> _ACTIVITY_:
The line with "王心凌(Cyndi Wang)活动图册" marks the start; please set it down along with all later lines through the end of the material, exactly, leaving out pictures.

BEGIN DATA SHOWN

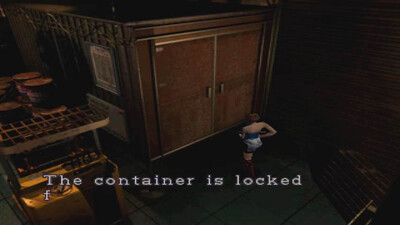 третий скриншот из Resident evil 3: Nemesis (Biohazard 3) Graphic (bg) Mod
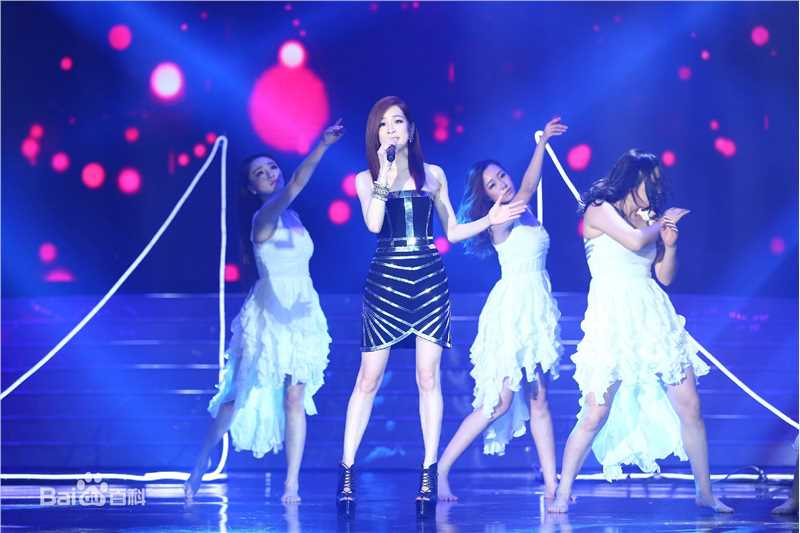 王心凌(Cyndi Wang)活动图册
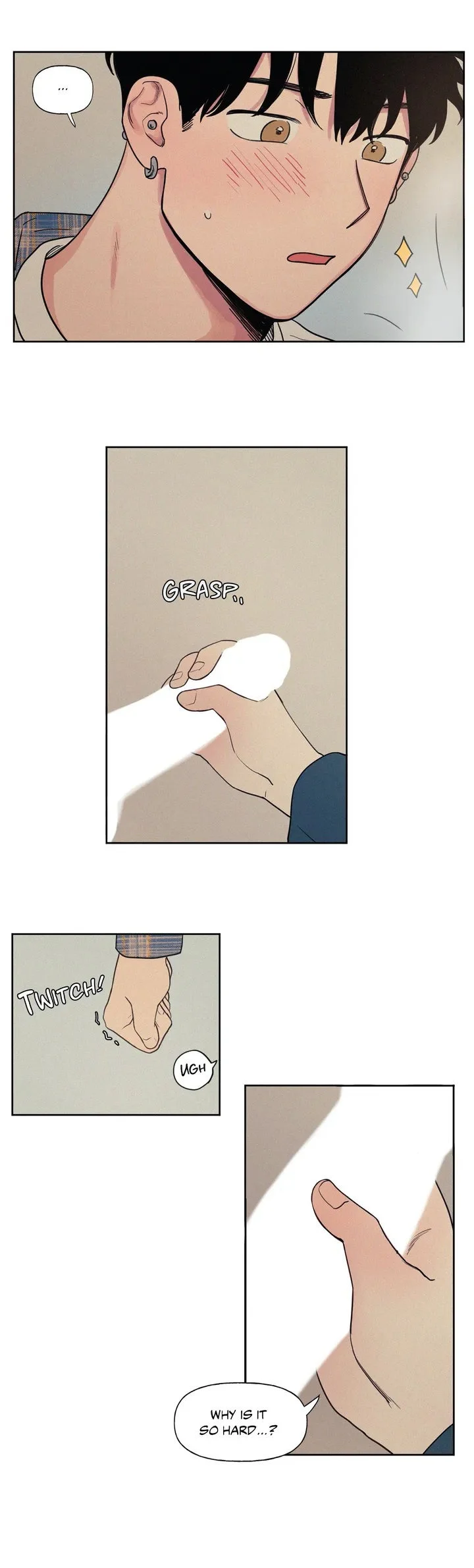 My Friend’s Hidden Charm chapter 2 page 13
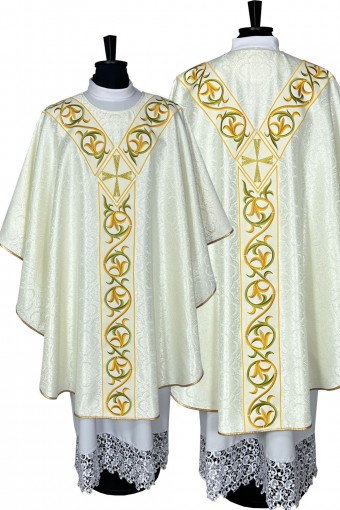 Chasuble 97 d-2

END DATA SHOWN

> _WORKED SOLUTION_:
 王心凌(Cyndi Wang)活动图册
 My Friend’s Hidden Charm chapter 2 page 13
 Chasuble 97 d-2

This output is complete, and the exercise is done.